Information supplied:
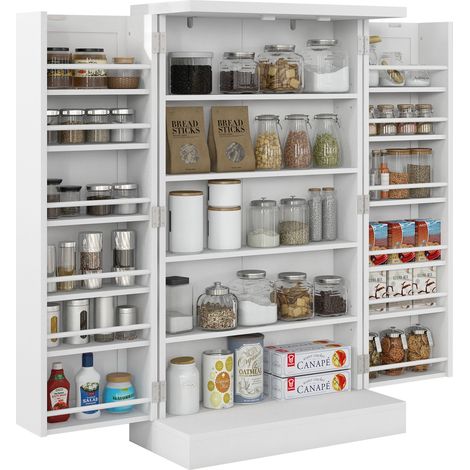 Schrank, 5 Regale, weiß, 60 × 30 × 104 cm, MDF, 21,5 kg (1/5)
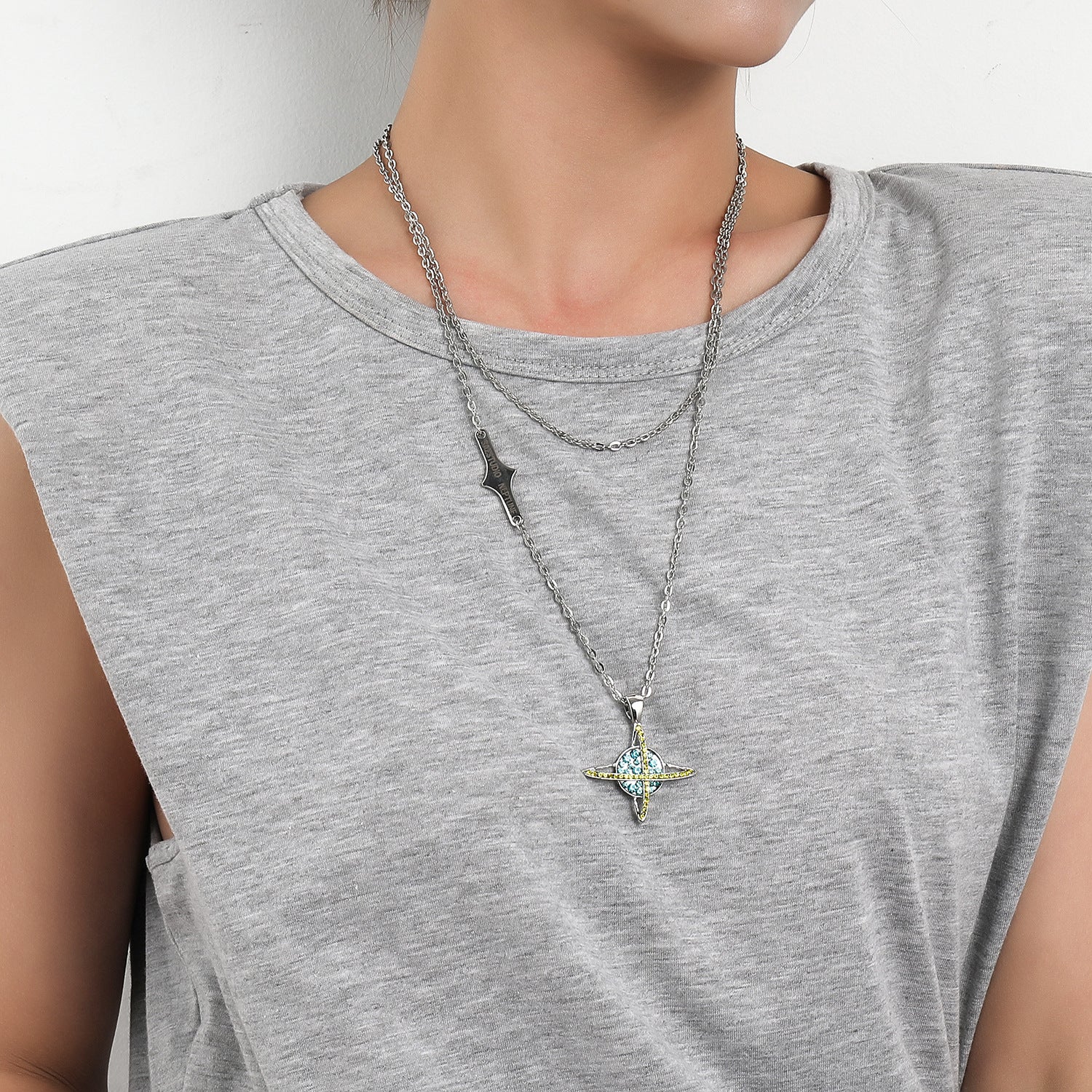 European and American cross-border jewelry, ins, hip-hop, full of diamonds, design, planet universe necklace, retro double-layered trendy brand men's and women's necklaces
...
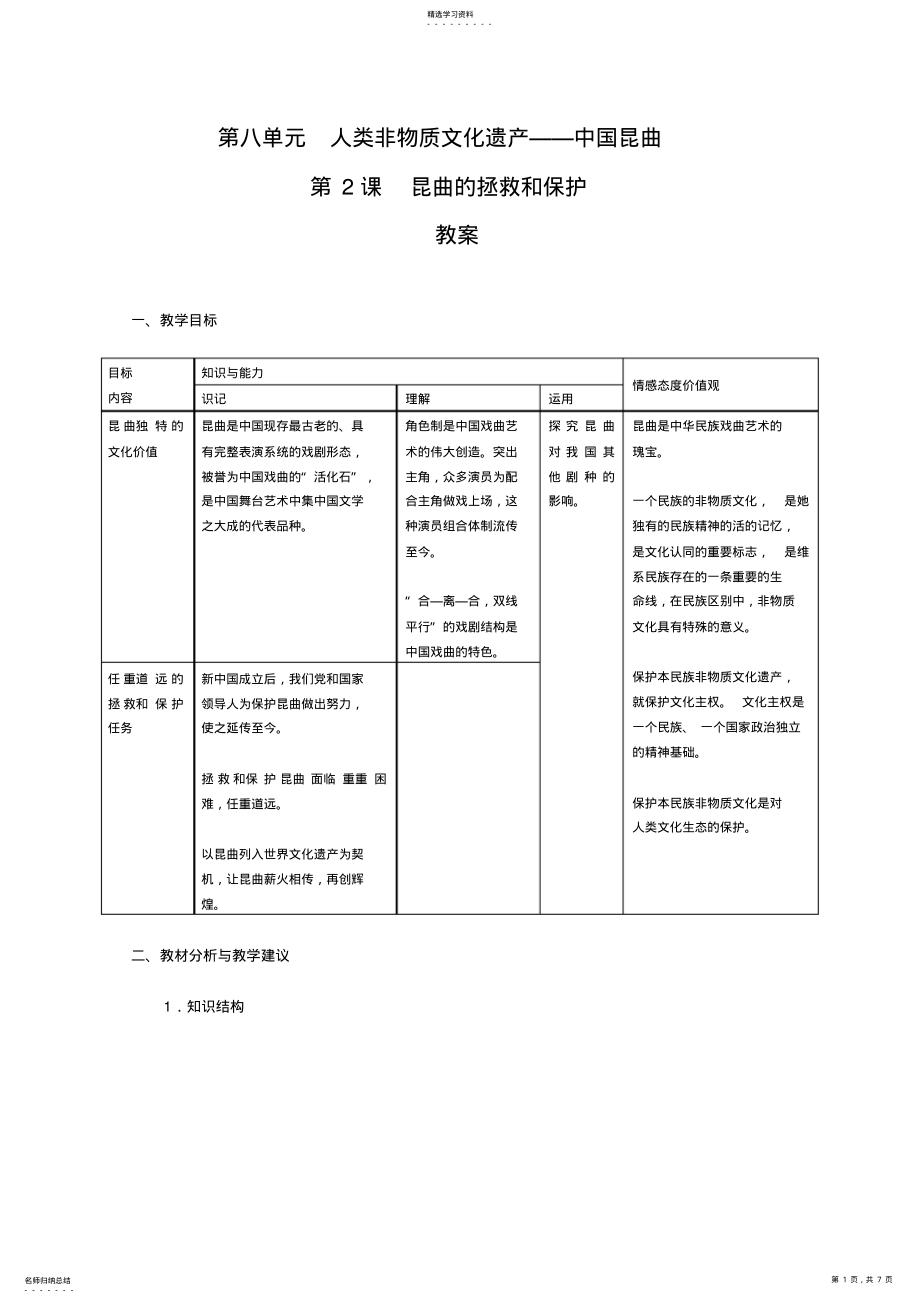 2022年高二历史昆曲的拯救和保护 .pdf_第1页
---
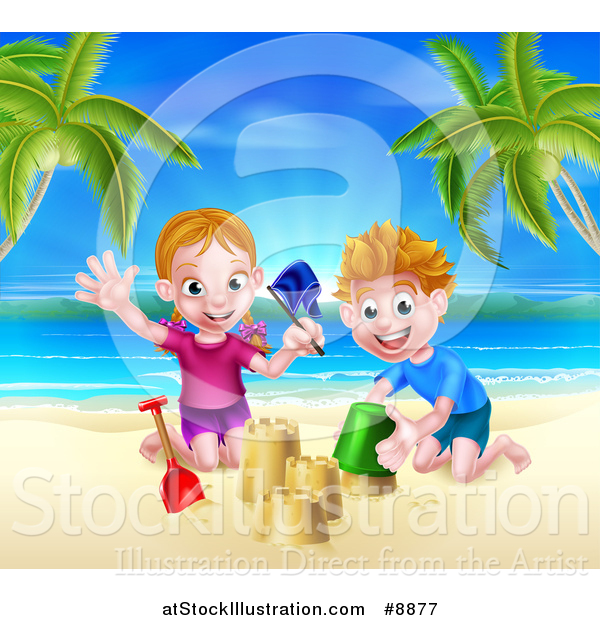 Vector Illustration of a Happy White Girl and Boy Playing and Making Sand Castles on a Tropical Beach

Your objective: Everything from the line with "Schrank, 5 Regale, weiß, 60" down to the line with "European and American" in the data above should be copied exactly, with both end lines kept and the pictures left out.

Solution:
 Schrank, 5 Regale, weiß, 60 × 30 × 104 cm, MDF, 21,5 kg (1/5)
 European and American cross-border jewelry, ins, hip-hop, full of diamonds, design, planet universe necklace, retro double-layered trendy brand men's and women's necklaces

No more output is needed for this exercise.